Wahrlich, es waren Stunden dicht gefüllt mit Begegnungen und Gottesdiensten, die uns lange in Erinnerung bleiben werden. Der Besuch des Papstes in der Glaubensdiaspora der neuen Bundesländer hatte zwar keine bayerischen oder rheinländischen Dimensionen gehabt - aber was die Festfreude der Gläubigen und die Herzlichkeit der Aufnahme unseres Gastes aus Rom betraf, konnten wir uns durchaus mit anderen Regionen unseres Vaterlandes messen. Papst Benedikt hat diese Herzlichkeit sehr gespürt und in seinem Dankesbrief an mich hervorgehoben. Gern gebe ich diesen Dank an Sie alle und die vielen Helferinnen und Helfer von damals weiter.

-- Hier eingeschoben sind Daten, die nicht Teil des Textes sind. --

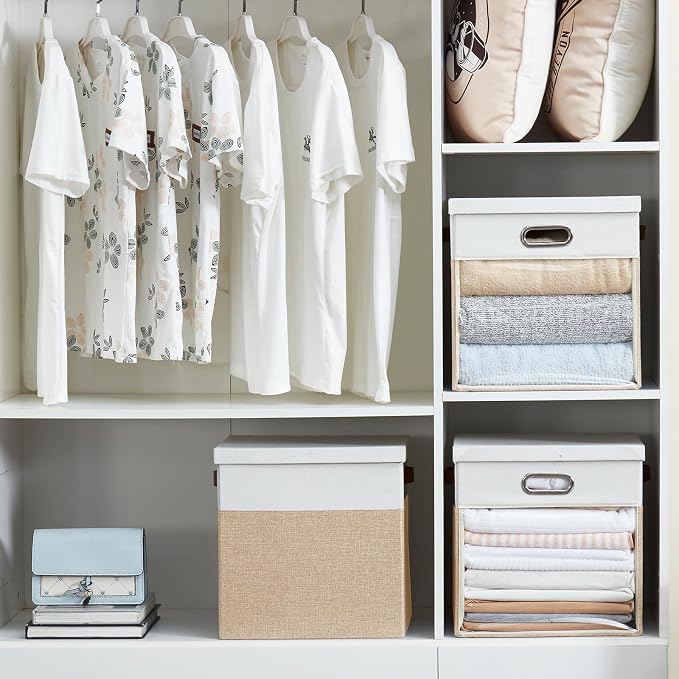 Fabric Storage Cubes with Clear Windows and Lids, Decorative Storage Boxes - Image 8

Im Vertrauen unterwegs - so haben wir heute unseren Wallfahrtstag überschrieben. Und diese Überschrift passt: Man kann einen Papstbesuch nicht festhalten. Das Leben geht weiter. Ein Jahr nach diesem Ereignis, mag es noch so eindrucksvoll gewesen sein, drängen sich schon wieder andere Fragen und Probleme in den Vordergrund: die Zukunft Europas, die Stabilität des Geldes, die Sicherung der Renten, die bittere Not der Menschen in Syrien.

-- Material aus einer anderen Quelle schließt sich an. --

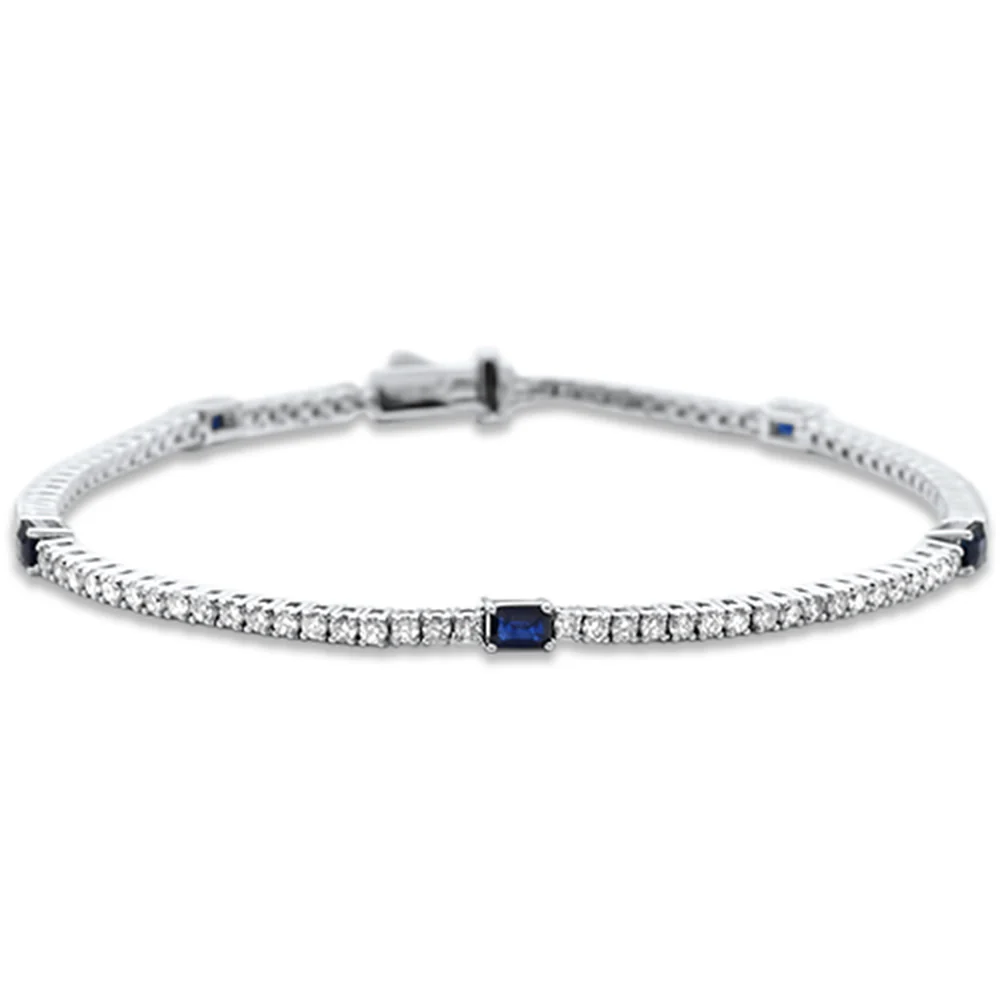 <span style="color:purple">SPECIAL!</span>2.57ct G SI 14K White Gold Diamond & Blue Sapphire Gemstone Tennis Bracelet 7" Long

Wir sind und bleiben unterwegs - als Völkergemeinschaft, als Gesellschaft in diesem Land, auch als Kirche. Aber - und das unterscheidet uns als Gläubige von jenen, die nicht an Gott glauben, wir sind im Vertrauen unterwegs.
"Wo Gott ist, da ist Zukunft!" Das war damals das Motto des Papstbesuches. Ich möchte noch einmal an einige Sätze aus der Papstpredigt auf dem Domplatz erinnern.
"... Hier in Thüringen und in der früheren DDR habt ihr eine braune und eine rote Diktatur ertragen müssen, die für den christlichen Glauben wie saurer Regen wirkte. Viele Spätfolgen dieser Zeit sind noch aufzuarbeiten, vor allem im geistigen und im religiösen Bereich ... Doch zeigen die letzten beiden Jahrzehnte auch gute Erfahrungen: ein erweiterter Horizont, ein Austausch über Grenzen hinweg, eine gläubige Zuversicht, dass Gott uns nicht im Stich lässt und uns neue Wege führt. ´Wo Gott ist, da ist Zukunft.´"
Und weiter hieß es in der Predigt des Papstes: "Wir alle sind davon überzeugt, dass die neue Freiheit geholfen hat, dem Menschen größere Würde und vielfältige neue Möglichkeiten zu eröffnen. Viele Erleichterungen dürfen wir seitens der Kirche dankbar hervorheben, seien es neue Möglichkeiten der pfarrlichen Aktivitäten, seien es Renovierung und Erweiterung von Kirchen und Gemeindezentren, seien es diözesane Initiativen von pastoraler oder kultureller Art."
Und dann diese nachdenkliche Frage des Hl. Vaters: "Haben diese Möglichkeiten uns auch ein mehr an Glauben gebracht? Ist der Wurzelgrund des Glaubens und des christlichen Lebens nicht tiefer als in der gesellschaftlichen Freiheit zu suchen? Viele entschiedene Katholiken sind gerade in der schwierigen Situation der äußeren Bedrängnis Christus und der Kirche treu geblieben. Wo stehen wir heute?"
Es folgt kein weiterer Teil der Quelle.